Como as leis nacionais são muito distintas no que diz respeito aos prazos de proteção das obras, vale a pena ressaltar que o ingresso em domínio público, em 01 de janeiro deste ano, do desenho animado de 1928 diz respeito às leis dos Estados Unidos. E daí a pergunta: e no resto do mundo?

Para entender a origem do problema

Ao longo do século XX, os Estados Unidos foram um dos países que mais ampliaram o prazo de proteção a obras criativas, gerando um emaranhado de regras envolvendo critérios como: quando a obra foi criada, quando foi publicada, se houve ou não registro, quem era seu autor etc.

De acordo com o Escritório de Direitos Autorais dos Estados Unidos, “o prazo de direitos autorais para uma obra específica depende de vários fatores, incluindo se ela foi publicada e, em caso afirmativo, a data da primeira publicação. Como regra geral, para obras criadas após 1º de janeiro de 1978, a proteção dos direitos autorais dura toda a vida do autor, mais 70 anos adicionais. Para uma obra anônima, uma obra sob pseudônimo ou uma obra feita sob encomenda, os direitos autorais duram por um período de 95 anos a partir do ano da sua primeira publicação ou um período de 120 anos a partir do ano da sua criação, prevalecendo o que expirar primeiro. Para obras publicadas pela primeira vez antes de 1978, o prazo varia dependendo de vários fatores.”

Neste gráfico, dá para ter ideia do problema:

A estreia do Mickey no cinema foi em 1928, no curta metragem de animação chamado Steamboat Willie, que você pode ver no Youtube, no próprio canal da Walt Disney. O Mickey que aparece no filme é este aqui:

Até o advento da lei de 1998, Steamboat Willie seria protegido por 75 anos contados de sua publicação. Tendo sido publicado em 1928, o prazo expiraria em 2003. Antes que este fosse atingido, o Congresso estadunidense alterou a lei, acrescentando a ela 20 anos ao prazo então existente. Mas essa decisão não veio sem fortes críticas.

É bom lembrar que quando a lei foi modificada em 1998, e mesmo que tenha se celebrizado (pejorativamente) como Lei Mickey Mouse, é óbvio que não podia proteger por tempo suplementar apenas as criações da Disney. Ela se aplicava a todo mundo. E como o prazo de proteção foi estendido em 20 anos, durante duas décadas o que era para entrar em domínio público nos Estados Unidos se manteve protegido.

É discutível que obras intelectuais conservem valor econômico por tanto tempo. O Mickey, claro, é um exemplo de obra cuja proteção se faz patrimonialmente relevante. Contudo, essa não é situação da grande maioria das obras. O aumento de um prazo já longo (75 anos) para outro ainda mais longo (95) tem como principal alvo a circulação livre de obras intelectuais, sem contar com a deterioração dos suportes físicos onde elas eventualmente se encontrem, gerando seu esquecimento e apagamento histórico.
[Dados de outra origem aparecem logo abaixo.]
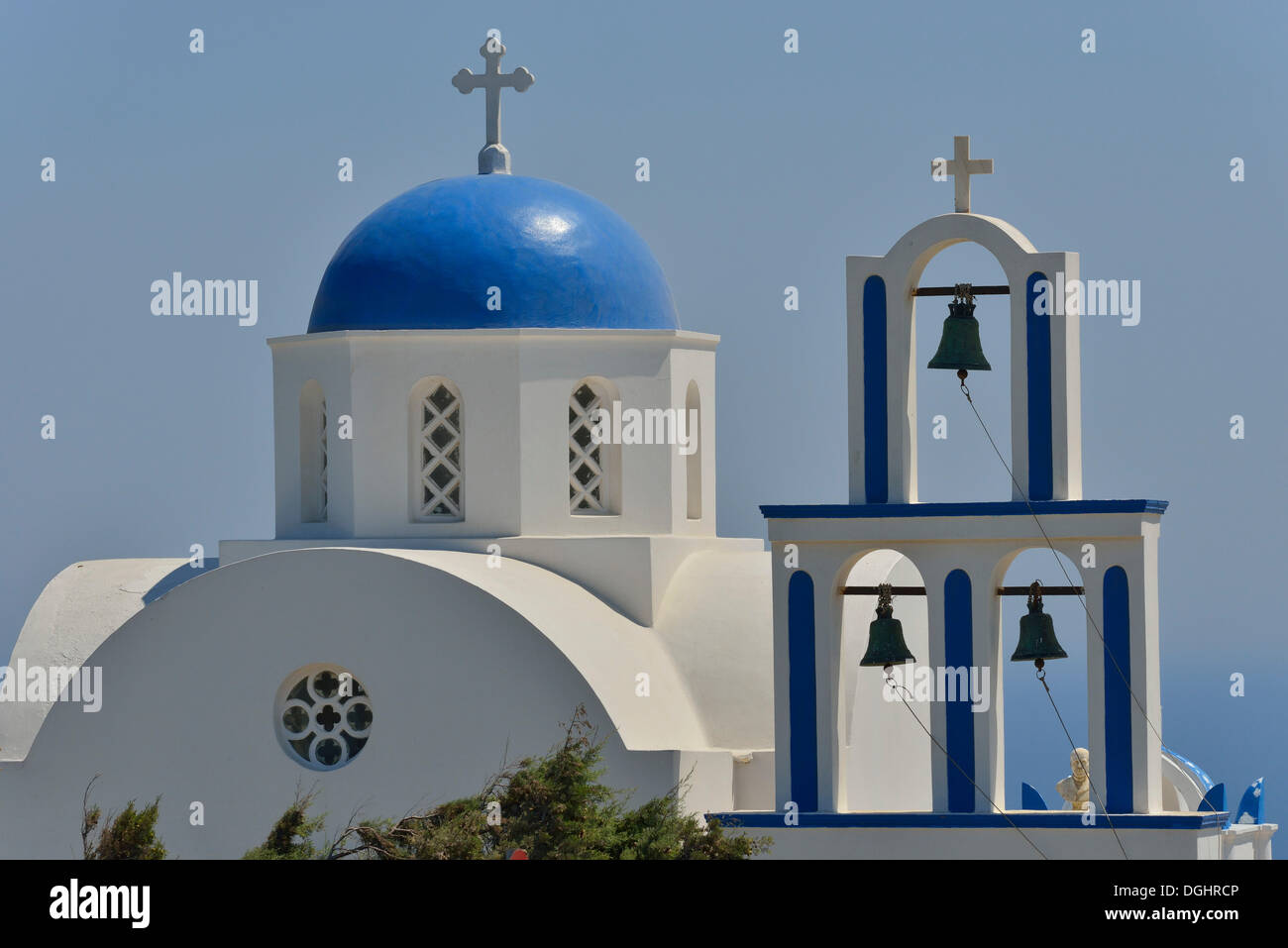Ancienne église d'Éxo Goniá avec un dôme bleu clair, l'architecture typique des Cyclades, Santorini, Cyclades, îles grecques, Grèce Banque D'Images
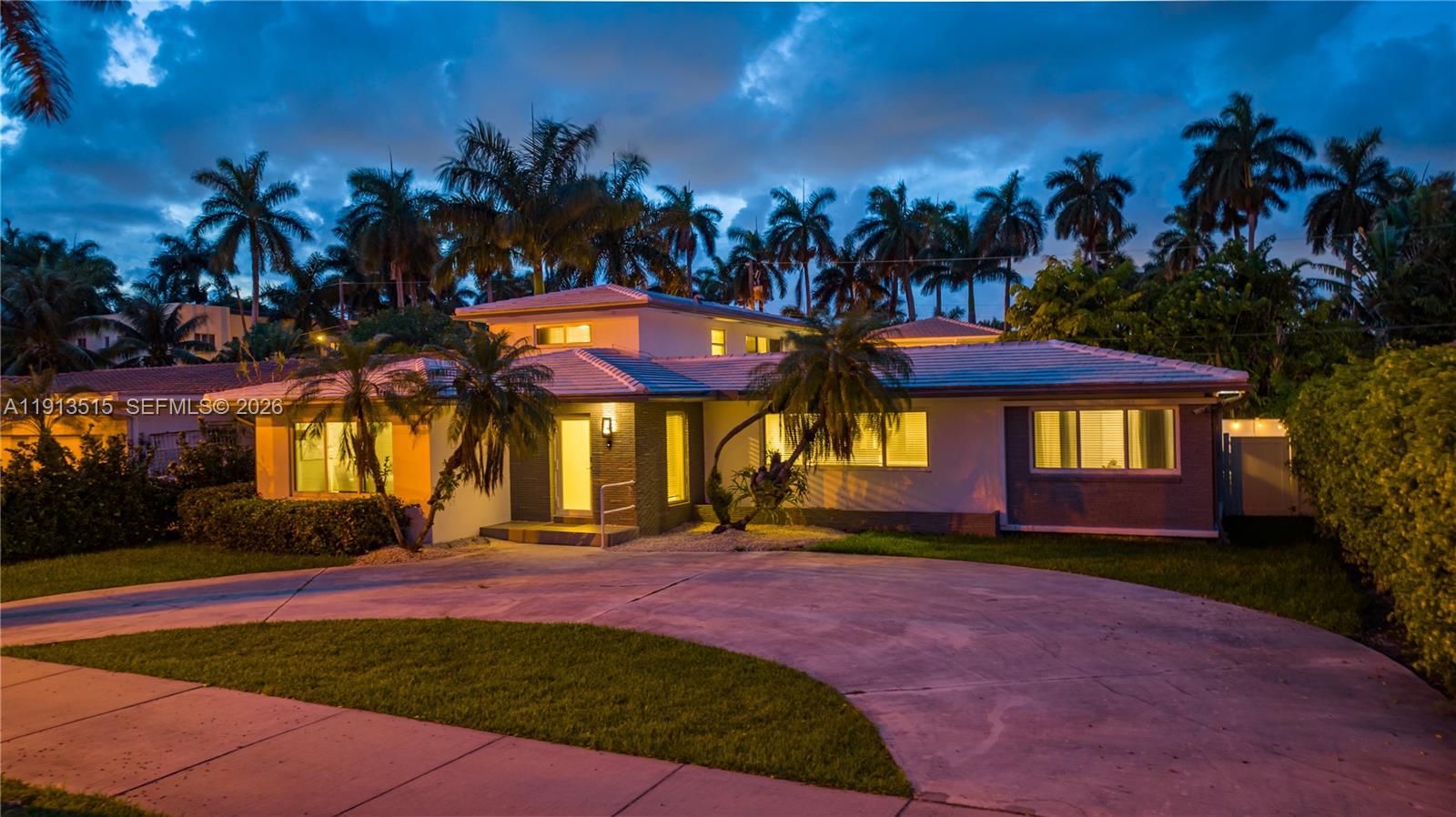 1241 Hollywood Boulevard Property Photo 4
Portanto, o que entrou em domínio público nos Estados Unidos em 01 de janeiro de 2024 foi o curta-metragem Steamboat Willie e, consequentemente, a representação do Mickey Mouse nesse desenho. Agora, o curta de animação pode ser usado por terceiros com ou sem fins comerciais, para criar obras derivadas. Versões posteriores do Mickey Mouse permanecem protegidas e a Disney aparentemente registrou o Mickey do Steamboat Willie como marca. Contudo, é necessário lembrar: tudo isso se aplica aos Estados Unidos e apenas aos Estados Unidos.

Mas e no resto do mundo?

Em uma resposta bem simples: depende da lei de cada país. Sendo específico quanto ao Brasil: o Steamboat Willie já está em domínio público aqui há muito tempo. Vamos lá.

Os direitos autorais são protegidos internacionalmente pela Convenção de Berna, assinada pelo Brasil e por cerca de outros 180 países. Cada um dos países signatários precisa incorporar em suas próprias leis o previsto na Convenção.
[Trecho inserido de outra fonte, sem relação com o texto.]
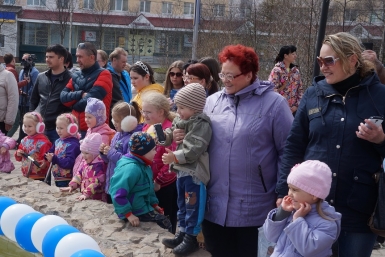 Фонтан на площади Космонавтов Мария Золотарева, MagadanMedia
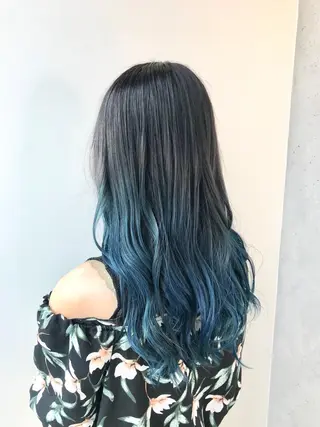 ロング カラー ヘアアレンジ インナーカラー屋さん 🫧伊藤拓実のヘアスタイル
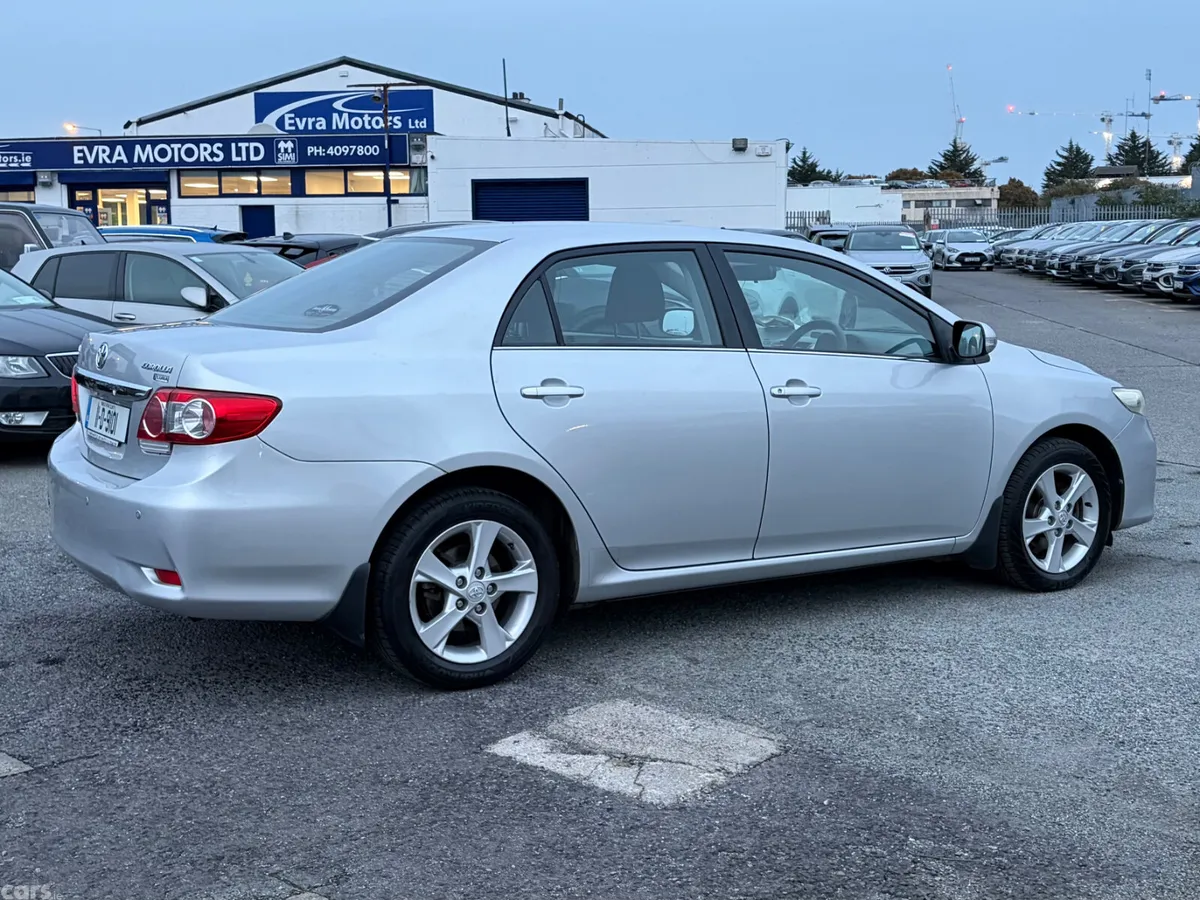 Toyota Corolla Saloon, Diesel, 2011, Silver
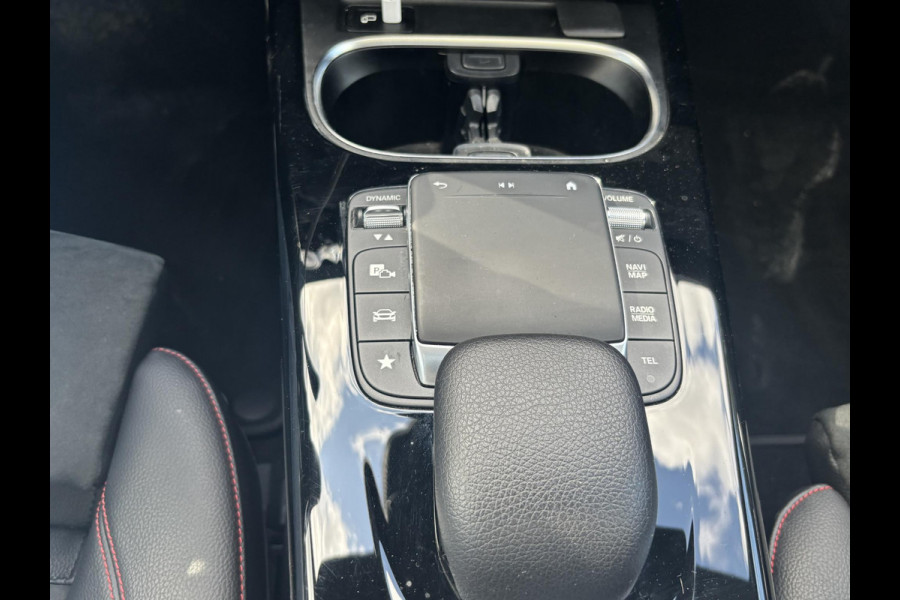 Mercedes-Benz A-Klasse 250 e Business Solution AMG Limited PHEV PLUG-IN HYBRIDE| PANORAMA DAK | AMBILIGHT | STOELVERWARMING | CAMERA | BLACK OPTIC PAKKET | WIDESCREEN DISPLAY | APPLE CARPLAY | RIJKLAAR MET 12 MND BOVAG GARANTIE |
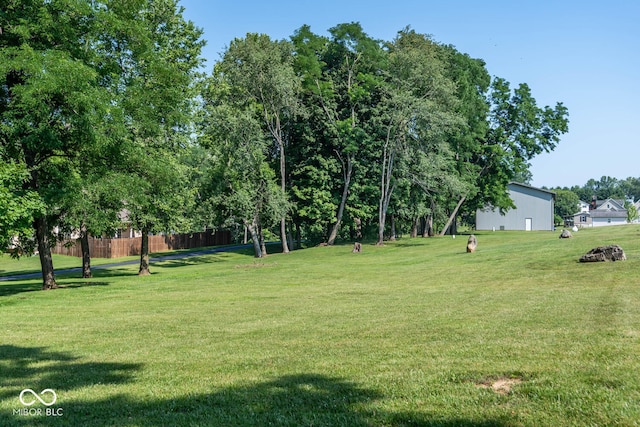 view of yard featuring fence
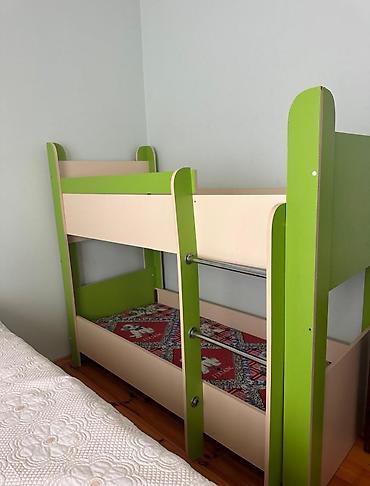 Uşaq mebeli: Uşaq üçün iki mərtəbəli çarpayı - Material: MDF/laminat — 1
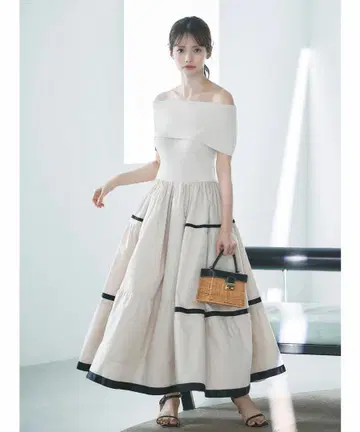 새상품 toccocloset 배색 라인 니트 도킹 티어드 원피스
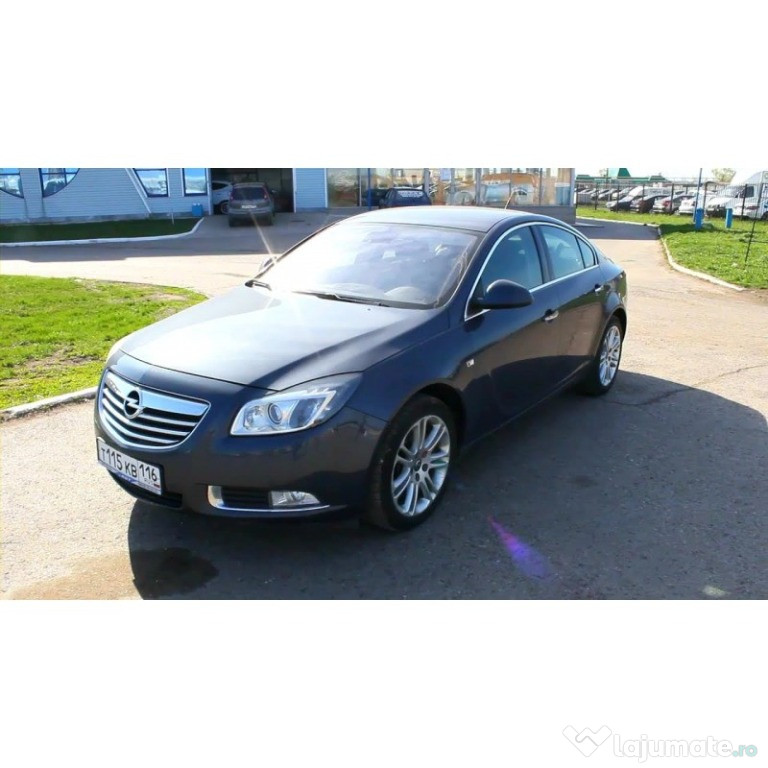 Dezmembrez Opel Insignia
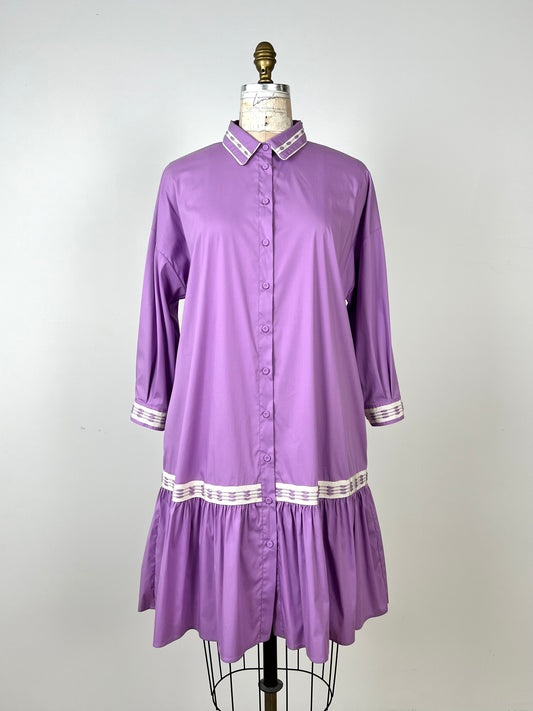 Robe mauve à volant et passementeries (6)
Ao tratar do prazo de proteção no sistema internacional, a Convenção de Berna determina, no art. 7 (8), que “Em quaisquer casos, a duração será regulada pela lei do país em que a proteção for reclamada (…)”. Ou seja, se os titulares dos direitos sobre o Mickey Mouse querem saber se o Mickey está ou não protegido (e em que medida) por direitos autorais no Brasil, precisam ler a lei brasileira para saber o que ela determina. Ou a australiana, ou japonesa, ou nigeriana ou costarriquenha, a depender do território onde queiram proteger o Mickey.

Cada país pode definir suas próprias regras de prazo de proteção e, dentro de seu território, é essa regra que vale, desde que em conformidade com os padrões mínimos da própria Convenção de Berna. Por exemplo, o prazo mínimo de proteção, segundo a Convenção de Berna, é da vida do autor mais cinquenta anos. Para obras cinematográficas (categoria em que o Steamboat Willie se enquadra), o prazo é de pelo menos 50 anos depois de a obra ter se tornado licitamente acessível ao público (art. 7 da Convenção de Berna).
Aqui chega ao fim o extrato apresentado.